Updated January 2025

Acceptable Use Policy

This Acceptable Use Policy (AUP) protects the security, reliability, and regulatory posture of the Arcliance platform. It applies to every Authorized User, administrator, contractor, or integration that touches the Services.

Foundational Principles

Use of Arcliance is conditioned on lawful, responsible behavior. You may only store information that you are lawfully entitled to share with Arcliance and that falls within the scope of your export control program. Violating this AUP can result in suspension under the Terms of Use.

Security Expectations

Customers share responsibility for protecting their data and identities.
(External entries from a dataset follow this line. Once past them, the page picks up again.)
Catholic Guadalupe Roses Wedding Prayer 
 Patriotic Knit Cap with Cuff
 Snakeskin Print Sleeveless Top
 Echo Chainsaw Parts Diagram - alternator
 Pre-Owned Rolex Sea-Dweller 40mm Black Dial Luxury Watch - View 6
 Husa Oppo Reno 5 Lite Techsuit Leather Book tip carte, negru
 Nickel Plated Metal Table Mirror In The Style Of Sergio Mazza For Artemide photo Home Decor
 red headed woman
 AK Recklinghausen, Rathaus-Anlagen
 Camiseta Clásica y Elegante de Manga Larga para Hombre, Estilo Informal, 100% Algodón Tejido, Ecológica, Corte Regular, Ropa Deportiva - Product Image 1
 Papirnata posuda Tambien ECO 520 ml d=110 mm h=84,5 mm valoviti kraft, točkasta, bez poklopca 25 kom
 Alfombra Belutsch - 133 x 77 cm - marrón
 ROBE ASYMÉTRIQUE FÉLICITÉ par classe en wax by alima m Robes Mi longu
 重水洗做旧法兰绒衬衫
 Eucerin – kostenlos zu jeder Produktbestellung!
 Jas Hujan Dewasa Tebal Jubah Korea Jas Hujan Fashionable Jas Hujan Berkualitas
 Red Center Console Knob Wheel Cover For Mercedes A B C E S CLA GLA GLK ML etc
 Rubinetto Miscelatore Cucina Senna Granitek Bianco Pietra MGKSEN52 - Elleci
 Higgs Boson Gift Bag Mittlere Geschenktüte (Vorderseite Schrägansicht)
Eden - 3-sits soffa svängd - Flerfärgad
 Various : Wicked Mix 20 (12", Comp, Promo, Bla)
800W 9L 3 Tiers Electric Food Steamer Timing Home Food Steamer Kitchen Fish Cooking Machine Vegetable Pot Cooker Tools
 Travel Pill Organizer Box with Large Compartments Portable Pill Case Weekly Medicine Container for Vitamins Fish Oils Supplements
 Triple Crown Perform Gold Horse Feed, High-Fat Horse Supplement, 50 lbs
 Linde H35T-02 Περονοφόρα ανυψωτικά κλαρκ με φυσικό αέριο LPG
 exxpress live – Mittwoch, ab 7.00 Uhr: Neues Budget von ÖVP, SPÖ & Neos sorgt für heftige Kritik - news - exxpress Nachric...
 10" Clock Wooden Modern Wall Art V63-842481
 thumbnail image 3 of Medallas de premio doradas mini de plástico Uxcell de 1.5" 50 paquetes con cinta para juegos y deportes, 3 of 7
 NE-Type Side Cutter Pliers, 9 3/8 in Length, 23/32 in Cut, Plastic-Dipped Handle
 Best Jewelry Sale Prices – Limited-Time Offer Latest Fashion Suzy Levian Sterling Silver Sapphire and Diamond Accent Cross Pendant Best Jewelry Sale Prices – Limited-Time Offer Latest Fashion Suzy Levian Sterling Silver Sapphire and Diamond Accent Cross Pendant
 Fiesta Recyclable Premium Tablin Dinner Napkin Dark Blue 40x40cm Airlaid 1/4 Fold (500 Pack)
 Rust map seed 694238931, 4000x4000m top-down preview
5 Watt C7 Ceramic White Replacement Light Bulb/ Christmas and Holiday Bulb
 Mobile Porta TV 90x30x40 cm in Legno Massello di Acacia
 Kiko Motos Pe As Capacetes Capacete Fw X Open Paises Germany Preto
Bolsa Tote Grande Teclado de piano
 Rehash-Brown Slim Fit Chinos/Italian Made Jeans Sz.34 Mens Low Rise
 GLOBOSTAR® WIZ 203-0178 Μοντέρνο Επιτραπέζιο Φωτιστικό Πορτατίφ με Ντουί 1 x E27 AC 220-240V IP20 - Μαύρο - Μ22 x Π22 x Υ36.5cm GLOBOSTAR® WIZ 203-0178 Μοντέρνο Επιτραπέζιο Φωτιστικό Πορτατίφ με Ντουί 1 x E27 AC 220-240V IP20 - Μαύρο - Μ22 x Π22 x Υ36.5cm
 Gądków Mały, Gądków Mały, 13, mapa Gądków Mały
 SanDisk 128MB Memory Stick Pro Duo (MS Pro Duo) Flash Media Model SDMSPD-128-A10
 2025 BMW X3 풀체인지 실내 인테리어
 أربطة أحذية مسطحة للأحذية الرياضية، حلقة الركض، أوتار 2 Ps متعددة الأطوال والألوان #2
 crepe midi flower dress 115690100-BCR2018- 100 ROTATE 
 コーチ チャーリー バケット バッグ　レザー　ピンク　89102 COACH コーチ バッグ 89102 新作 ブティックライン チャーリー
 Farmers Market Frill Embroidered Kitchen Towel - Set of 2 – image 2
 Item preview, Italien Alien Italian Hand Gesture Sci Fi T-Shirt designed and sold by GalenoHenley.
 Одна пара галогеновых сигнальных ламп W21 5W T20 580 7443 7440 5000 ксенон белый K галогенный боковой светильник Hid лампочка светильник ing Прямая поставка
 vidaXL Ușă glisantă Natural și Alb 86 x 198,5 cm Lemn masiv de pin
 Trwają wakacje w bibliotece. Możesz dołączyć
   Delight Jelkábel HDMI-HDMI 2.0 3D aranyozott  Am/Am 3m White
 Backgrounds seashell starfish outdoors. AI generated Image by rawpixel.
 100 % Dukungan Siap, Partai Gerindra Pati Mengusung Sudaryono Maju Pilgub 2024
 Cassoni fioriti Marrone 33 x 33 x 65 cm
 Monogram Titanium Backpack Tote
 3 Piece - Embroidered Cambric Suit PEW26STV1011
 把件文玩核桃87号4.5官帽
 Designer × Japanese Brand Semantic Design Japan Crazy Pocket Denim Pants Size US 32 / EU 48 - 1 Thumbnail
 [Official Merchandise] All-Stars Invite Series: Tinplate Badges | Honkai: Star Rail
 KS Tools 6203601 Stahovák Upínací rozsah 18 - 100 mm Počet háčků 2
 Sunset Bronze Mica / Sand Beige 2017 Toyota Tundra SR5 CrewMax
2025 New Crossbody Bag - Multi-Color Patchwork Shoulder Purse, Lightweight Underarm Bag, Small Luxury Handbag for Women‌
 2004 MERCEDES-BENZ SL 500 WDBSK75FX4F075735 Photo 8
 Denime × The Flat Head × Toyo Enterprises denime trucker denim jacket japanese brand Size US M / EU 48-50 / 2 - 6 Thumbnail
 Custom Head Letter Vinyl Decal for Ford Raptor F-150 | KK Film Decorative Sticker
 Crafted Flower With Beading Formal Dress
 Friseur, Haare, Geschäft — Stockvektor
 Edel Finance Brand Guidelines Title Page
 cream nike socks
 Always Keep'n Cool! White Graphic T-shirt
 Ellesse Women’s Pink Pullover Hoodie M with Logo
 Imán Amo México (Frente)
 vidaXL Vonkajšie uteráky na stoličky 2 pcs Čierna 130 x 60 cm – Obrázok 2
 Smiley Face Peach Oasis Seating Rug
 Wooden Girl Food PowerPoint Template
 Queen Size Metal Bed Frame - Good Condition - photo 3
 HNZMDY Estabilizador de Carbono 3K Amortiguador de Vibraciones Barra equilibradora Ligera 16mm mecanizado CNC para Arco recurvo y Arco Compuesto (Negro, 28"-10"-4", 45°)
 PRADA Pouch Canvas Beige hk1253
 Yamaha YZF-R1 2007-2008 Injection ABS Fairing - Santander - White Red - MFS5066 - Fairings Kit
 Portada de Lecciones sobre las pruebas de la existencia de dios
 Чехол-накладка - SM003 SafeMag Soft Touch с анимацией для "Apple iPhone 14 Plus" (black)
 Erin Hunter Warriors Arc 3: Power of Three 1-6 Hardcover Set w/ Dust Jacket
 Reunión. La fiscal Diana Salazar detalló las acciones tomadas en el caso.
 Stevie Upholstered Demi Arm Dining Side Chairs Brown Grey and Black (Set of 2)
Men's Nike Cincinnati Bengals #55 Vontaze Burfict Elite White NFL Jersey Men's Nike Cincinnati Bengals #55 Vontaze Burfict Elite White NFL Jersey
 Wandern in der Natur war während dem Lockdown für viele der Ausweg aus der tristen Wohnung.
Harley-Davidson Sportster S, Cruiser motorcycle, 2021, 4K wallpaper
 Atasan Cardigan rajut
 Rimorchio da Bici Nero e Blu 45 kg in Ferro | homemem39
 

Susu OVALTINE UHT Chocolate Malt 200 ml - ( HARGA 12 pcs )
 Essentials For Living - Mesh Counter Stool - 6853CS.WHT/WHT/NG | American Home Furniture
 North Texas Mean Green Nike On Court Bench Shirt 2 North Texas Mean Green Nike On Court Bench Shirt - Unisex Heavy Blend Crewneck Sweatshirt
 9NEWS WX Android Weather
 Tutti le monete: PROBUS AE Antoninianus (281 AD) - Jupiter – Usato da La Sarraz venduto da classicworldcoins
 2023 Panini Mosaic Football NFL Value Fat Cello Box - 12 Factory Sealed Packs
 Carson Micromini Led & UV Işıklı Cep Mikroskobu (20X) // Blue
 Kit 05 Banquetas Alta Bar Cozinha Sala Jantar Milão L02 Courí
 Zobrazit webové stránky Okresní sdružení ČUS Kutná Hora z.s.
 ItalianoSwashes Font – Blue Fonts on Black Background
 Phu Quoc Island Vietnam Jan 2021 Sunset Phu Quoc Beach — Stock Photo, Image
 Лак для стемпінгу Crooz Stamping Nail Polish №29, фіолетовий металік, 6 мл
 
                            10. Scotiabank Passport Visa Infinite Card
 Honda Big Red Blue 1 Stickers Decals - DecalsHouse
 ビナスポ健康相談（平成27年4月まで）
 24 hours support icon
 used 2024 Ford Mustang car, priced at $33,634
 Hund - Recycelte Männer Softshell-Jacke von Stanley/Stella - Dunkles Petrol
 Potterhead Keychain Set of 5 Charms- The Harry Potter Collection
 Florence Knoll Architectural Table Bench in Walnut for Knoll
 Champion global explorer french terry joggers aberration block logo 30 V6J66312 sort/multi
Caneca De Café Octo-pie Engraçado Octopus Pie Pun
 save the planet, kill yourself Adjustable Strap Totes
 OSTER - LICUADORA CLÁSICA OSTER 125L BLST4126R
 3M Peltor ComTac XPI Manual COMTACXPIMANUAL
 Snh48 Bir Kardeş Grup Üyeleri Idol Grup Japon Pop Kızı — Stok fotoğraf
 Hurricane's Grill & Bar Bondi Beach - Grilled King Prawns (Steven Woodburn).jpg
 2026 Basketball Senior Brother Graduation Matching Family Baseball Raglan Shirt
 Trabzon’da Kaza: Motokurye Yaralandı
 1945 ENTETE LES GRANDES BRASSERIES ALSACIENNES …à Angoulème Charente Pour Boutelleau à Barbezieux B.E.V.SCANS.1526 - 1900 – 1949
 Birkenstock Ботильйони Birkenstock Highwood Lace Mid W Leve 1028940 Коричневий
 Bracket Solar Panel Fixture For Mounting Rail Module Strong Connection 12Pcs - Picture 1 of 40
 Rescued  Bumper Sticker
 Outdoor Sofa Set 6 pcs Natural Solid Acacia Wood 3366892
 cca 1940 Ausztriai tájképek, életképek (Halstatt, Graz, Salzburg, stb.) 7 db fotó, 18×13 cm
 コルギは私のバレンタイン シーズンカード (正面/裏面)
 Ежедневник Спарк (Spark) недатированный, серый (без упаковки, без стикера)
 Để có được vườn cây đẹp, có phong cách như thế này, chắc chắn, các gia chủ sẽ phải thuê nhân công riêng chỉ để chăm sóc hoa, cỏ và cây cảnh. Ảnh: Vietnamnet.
At a minimum, Arcliance expects customers to implement the following controls:

  • Enable phishing-resistant multi-factor authentication (hardware key or TOTP) for all privileged roles.
  • Federate identities through SAML or SCIM wherever practical so that centralized HR triggers access revocation.
  • Review audit logs weekly for anomalous access to ITAR technical data repositories.
  • Maintain device posture controls that enforce full-disk encryption and endpoint detection on laptops accessing the platform.
  • Segment export-controlled data and ensure data residency expectations match the selected hosting region.

Prohibited Conduct

Users may not engage in any of the following activities:

  • Attempting to bypass role-based access controls, audit logging, or encryption safeguards.
  • Uploading data obtained in violation of export control laws, trade secrets laws, or contractual commitments.
  • Providing access to non-U.S. Persons where laws, licenses, or technology control plans forbid such access.
  • Using shared or generic accounts, password spraying, or storing credentials in plaintext repositories.
  • Transmitting malicious code, performing penetration tests, or conducting load tests without written authorization.
  • Using the Services to surveil individuals, discriminate, or support military or intelligence end uses covered by BIS §744.21 without a validated license.

Data Sovereignty and Export Restrictions

Customers are responsible for configuring geographic access restrictions, encryption key residency, and user eligibility to ensure compliance with ITAR 126.18, ITAR 130, and EAR Part 734. Data subject to additional jurisdictional requirements (for example, Canadian Controlled Goods or EU dual-use) must be flagged so the correct controls are applied at rest and in transit.

Reporting Suspected Abuse

Contact trust@arcliance.com within 24 hours if you suspect unauthorized access, a compromised credential, or violations of this AUP. Include the affected tenant, the impacted export authorizations, and known timings. Arcliance will coordinate incident response and, when necessary, notify DDTC or BIS in alignment with Customer obligations.